THE RIGHT PRODUCT AT THE RIGHT MOMENT Jonathan Cohen: Co-Founder and CEO of Estrategia Urbana — the México City-based developer backed by institutional capital from Singapore and the U.S. who arrived on the northern Baja coast with a product model and a buyer thesis that the market was ready for but hadn’t yet seen at this scale.
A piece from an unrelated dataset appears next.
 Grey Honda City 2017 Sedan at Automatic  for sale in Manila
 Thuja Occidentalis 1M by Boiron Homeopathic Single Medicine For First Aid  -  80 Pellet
By Mayté Rodríguez Cedillo and Fernando Favela  ·  Travel Intelligence  ·  BajaTraveler.com

Baja-Traveler-And-Beyond

Jonathan, you studied at the Iberoamericana in Mexico City, worked at GFA México developing new business, and
then co-founded Estrategia Urbana. But real estate development is one of the few industries where the most
important education happens on the site, not in the classroom. What was the project — or the mistake — that taught you the most about how this business actually works?

Rodrigo Esponda

The pandemic was my greatest challenge and my greatest lesson. We had credit already disbursed, construction well underway, and sales collapsed overnight. The project was running substantial losses. The decision looked complicated on paper, but at its core it was simple: we could cut standards to exit quickly, or inject our own capital, absorb the loss, and deliver 100% on our commitments to both clients and investors.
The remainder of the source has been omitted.